According to a report from Finmarket prepared for Transmash Holding, the market for production, upgrading and repair of rolling stock alone is set to double over the next five years to reach a value of US$5·4bn compared with US$2·6bn in 2004.
The report estimates that over the next five years Russian Railways and the newly-established private operators will need to obtain 5100 electric locomotives, 4100 main line diesel locos and 3900 shunters. Around 6700 loco-hauled passenger coaches will be required, together with 5000 EMU and 1500 DMU cars. No fewer than 230000 freight wagons will be needed.
During 2004 production of railway equipment increased by nearly 23%, with US$1·3bn spent on wagons, US$732m on passenger stock, US$180m on urban rail products and US$380m on locomotives. With new designs of main line locomotive available (RG 9.05 p537), the 2005 spend is forecast to grow by 75%.
The report suggests that domestic suppliers will dominate the market, with Ukrainian builders having a share of the wagon sector.

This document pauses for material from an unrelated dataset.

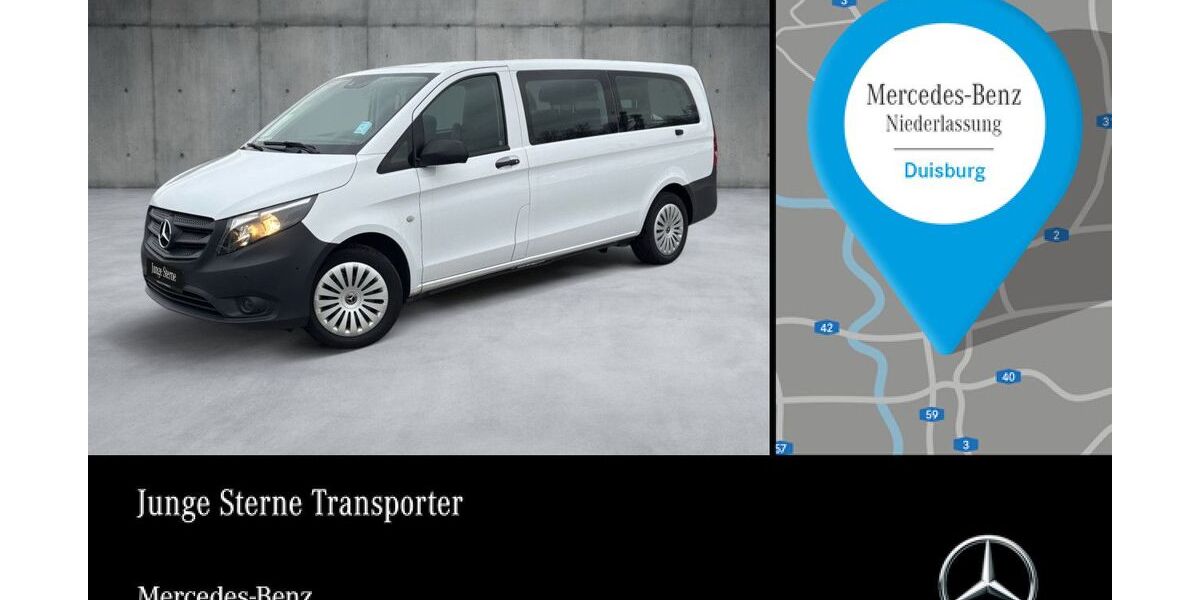 Mercedes-Benz Vito 45.868 km 34.980 € Duisburg 47138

Prominent among these is Transmash Holding, a group established in 2002 which includes Tver Carriage Works, Novercherkassk Electric Locomotive Plant, Bryansk Engineering Plant, Demikhovsky Engineering Plant, Oktyabrsky Electric Railway Car Plant and Penzadieselmash. The group has signed strategic long-term agreements with Russian Railways to supply more than US$6·5bn worth of products by 2010 and it is investing heavily in modernising its factories and in research and development.
In recent months Russian Railways has signed a number of important financial agreements, and syndication of a US$600m credit from a consortium of European banks is due to be completed this month. RZD Senior Vice-President Fedor Andreev confirmed on September 14 that two tranches of US$300m, for three and five years, would be agreed in the second half of October by Barclays Capital, Dresdener Kleinwort Wasserstein, HSBC Holdings and Raffeisen Zentralbank Österreich AG. The credit agreements will help to support RZD’s 2006 investment budget, which was agreed by the board on August 18.
Apparently absent from this package, however, is the €1·5bn of foreign loans that RZD envisaged would help fund its planned purchase of 60 high speed trains. RZD had signed an agreement earlier this year with Siemens under which the company would develop a broad gauge version of its Velaro design derived from the German ICE3. Siemens said on September 21 that it was still working on the development contract and that it remained ’very positive’ about signing a delivery contract - despite comments by RZD President Vladimir Yakunin on September 12 suggesting that the project had been deferred.